BEGIN RECORDS TO USE

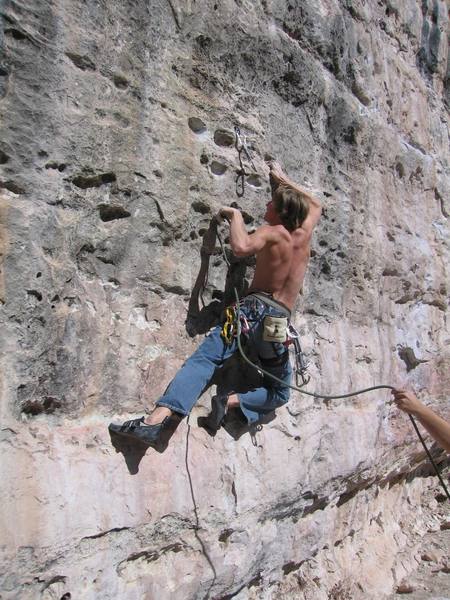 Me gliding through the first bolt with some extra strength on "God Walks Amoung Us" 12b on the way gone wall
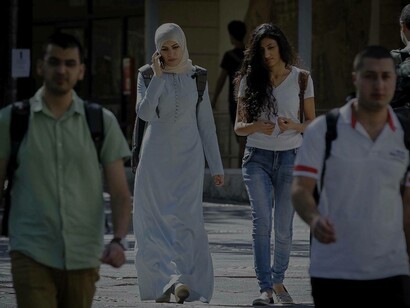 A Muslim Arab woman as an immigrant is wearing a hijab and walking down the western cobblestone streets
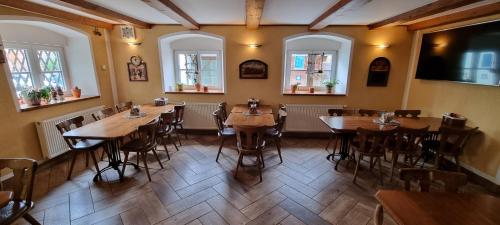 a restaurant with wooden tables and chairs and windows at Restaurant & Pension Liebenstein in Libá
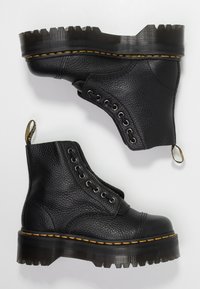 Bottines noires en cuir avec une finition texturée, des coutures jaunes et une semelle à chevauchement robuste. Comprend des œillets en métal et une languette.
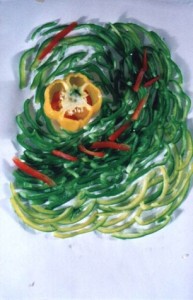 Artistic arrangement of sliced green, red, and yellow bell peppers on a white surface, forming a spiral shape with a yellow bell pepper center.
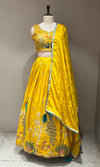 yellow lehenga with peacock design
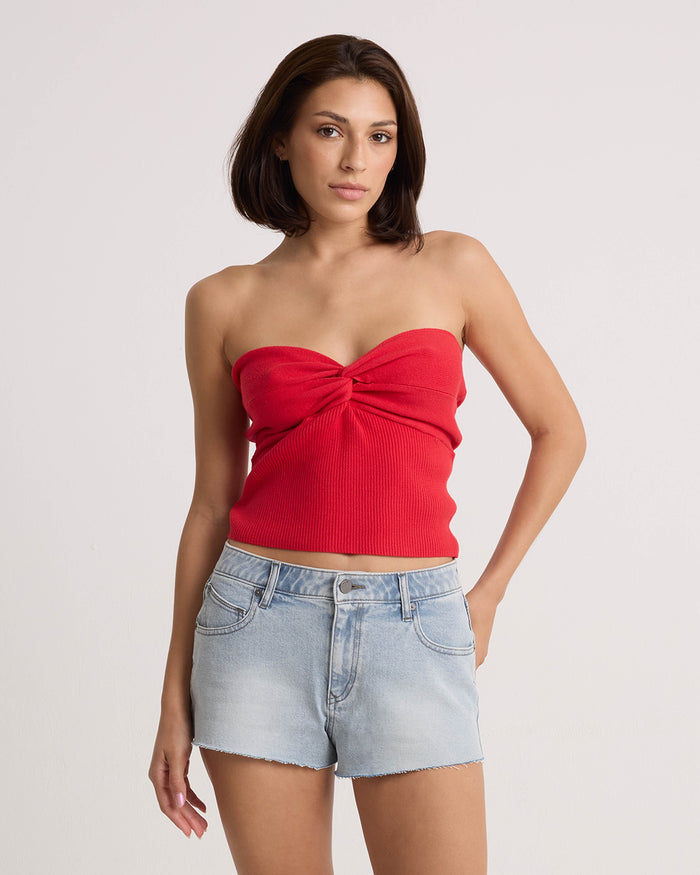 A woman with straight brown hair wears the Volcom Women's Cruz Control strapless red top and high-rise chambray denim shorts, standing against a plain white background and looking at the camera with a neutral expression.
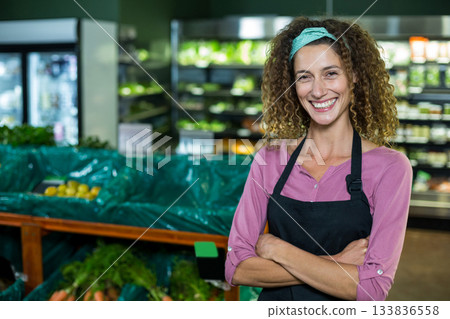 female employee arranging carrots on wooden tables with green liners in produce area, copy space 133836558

END RECORDS TO USE

• [EXERCISE] No pictures belong in the output. It should reproduce exactly the lines from the one containing "Artistic arrangement of" through the end of the data, both ends included.

• [EXERCISE ANSWER]
 Artistic arrangement of sliced green, red, and yellow bell peppers on a white surface, forming a spiral shape with a yellow bell pepper center.
 yellow lehenga with peacock design
 A woman with straight brown hair wears the Volcom Women's Cruz Control strapless red top and high-rise chambray denim shorts, standing against a plain white background and looking at the camera with a neutral expression.
 female employee arranging carrots on wooden tables with green liners in produce area, copy space 133836558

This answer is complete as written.